Selecting the appropriate data retention period for your feature layer is crucial for optimizing both relevance and storage efficiency. By evaluating the nature of your data—whether it is real-time updates or historical records—you can make informed choices that align with your use case. As illustrated in the examples, a short retention period may be suitable for dynamic datasets, while longer retention is beneficial for historical analysis. Additionally, it is essential to monitor your storage capacity and utilization, especially in relation to your subscription level, to ensure that you are maximizing your resources effectively.

What is a feature layer archive?

When configuring a feature layer output and setting a data retention period, you are given the option to Export data. Choosing this option will mean that data older than the retention period will be removed from the feature layer and stored in a feature layer archive. Velocity will maintain the archived data for up to a year.

The Data export parameter will appear after selecting a data retention period.

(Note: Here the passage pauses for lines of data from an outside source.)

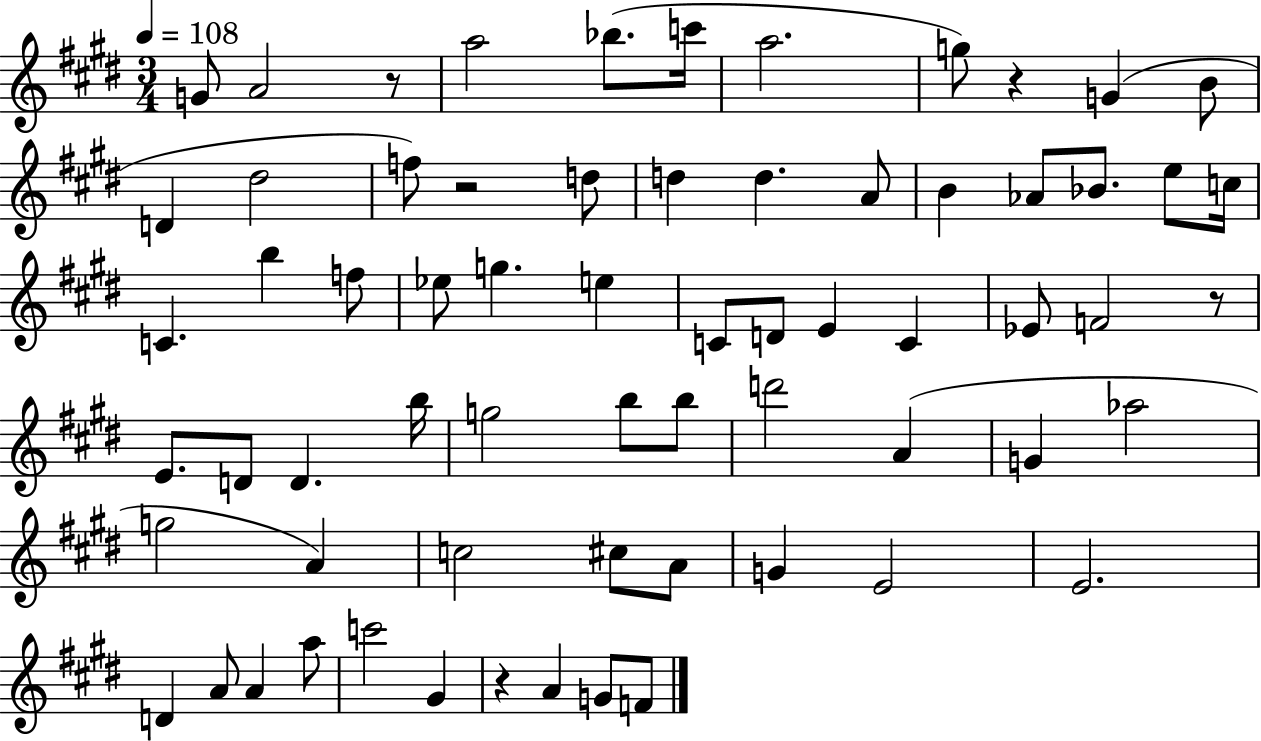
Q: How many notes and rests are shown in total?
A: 66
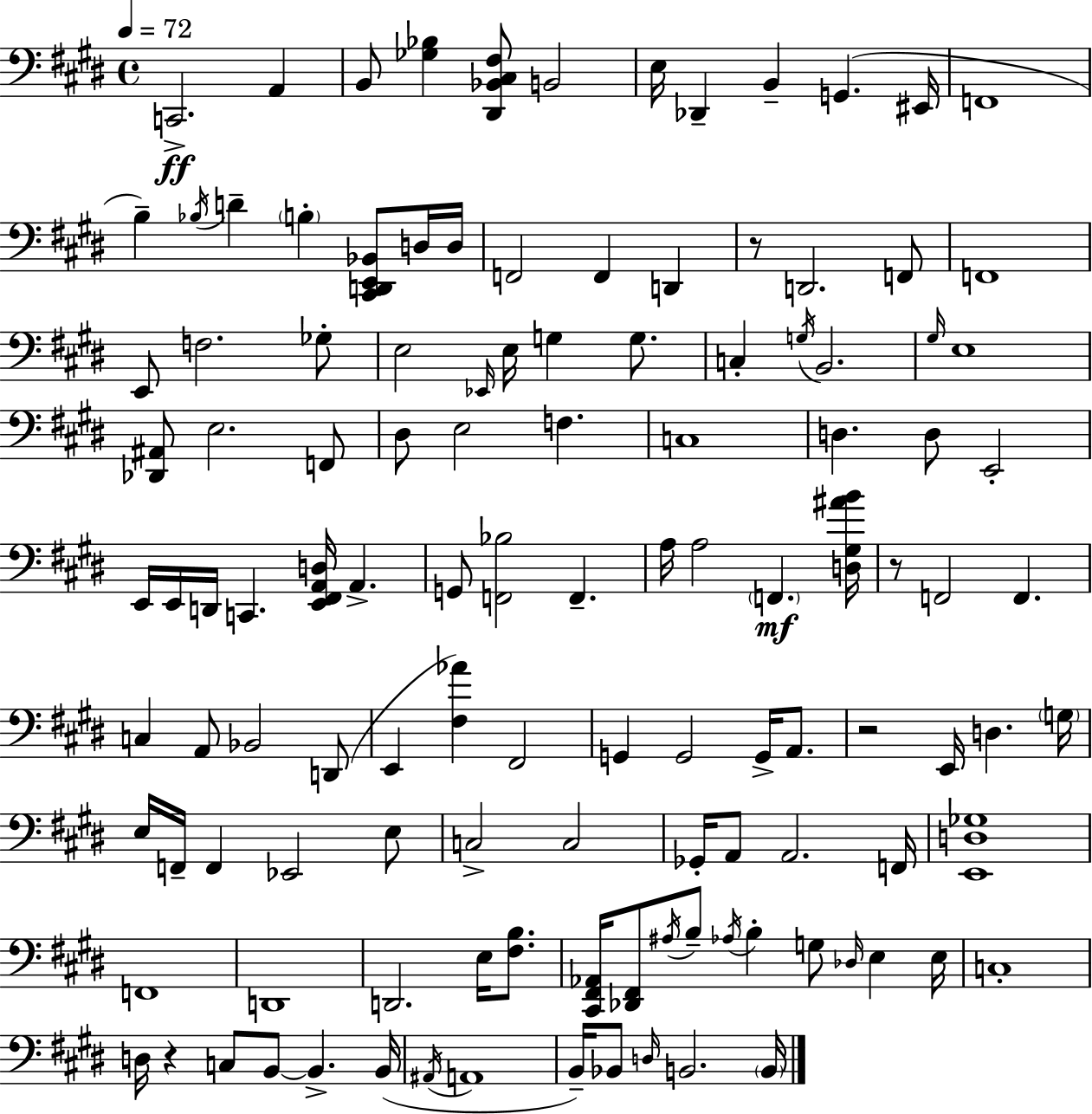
{
  \clef bass
  \time 4/4
  \defaultTimeSignature
  \key e \major
  \tempo 4 = 72
  c,2.->\ff a,4 | b,8 <ges bes>4 <dis, bes, cis fis>8 b,2 | e16 des,4-- b,4-- g,4.( eis,16 | f,1 | \break b4--) \acciaccatura { bes16 } d'4-- \parenthesize b4-. <cis, d, e, bes,>8 d16 | d16 f,2 f,4 d,4 | r8 d,2. f,8 | f,1 | \break e,8 f2. ges8-. | e2 \grace { ees,16 } e16 g4 g8. | c4-. \acciaccatura { g16 } b,2. | \grace { gis16 } e1 | \break <des, ais,>8 e2. | f,8 dis8 e2 f4. | c1 | d4. d8 e,2-. | \break e,16 e,16 d,16 c,4. <e, fis, a, d>16 a,4.-> | g,8 <f, bes>2 f,4.-- | a16 a2 \parenthesize f,4.\mf | <d gis ais' b'>16 r8 f,2 f,4. | \break c4 a,8 bes,2 | d,8( e,4 <fis aes'>4) fis,2 | g,4 g,2 | g,16-> a,8. r2 e,16 d4. | \break \parenthesize g16 e16 f,16-- f,4 ees,2 | e8 c2-> c2 | ges,16-. a,8 a,2. | f,16 <e, d ges>1 | \break f,1 | d,1 | d,2. | e16 <fis b>8. <cis, fis, aes,>16 <des, fis,>8 \acciaccatura { ais16 } b8-- \acciaccatura { aes16 } b4-. g8 | \break \grace { des16 } e4 e16 c1-. | d16 r4 c8 b,8~~ | b,4.-> b,16( \acciaccatura { ais,16 } a,1 | b,16--) bes,8 \grace { d16 } b,2. | \break \parenthesize b,16 \bar "|."
}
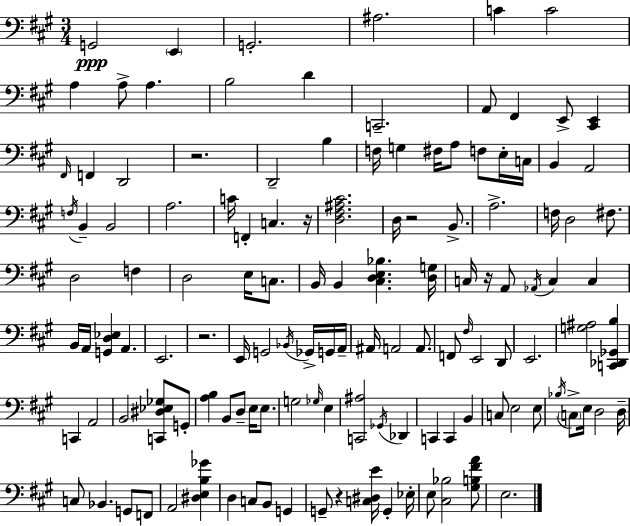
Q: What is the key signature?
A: A major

The feature layer will be created once the analytic is run. The data export process operates on a periodic schedule and will send data older than the set retention period to the feature layer archive. The feature layer archive is associated with the feature layer it was configured with and will not appear as a separate item in the Velocity and ArcGIS Online user-interface. To use the data exported to the feature layer archive, it must be added as a data source within a real-time or big data analytic. The steps for this will be covered in the next section.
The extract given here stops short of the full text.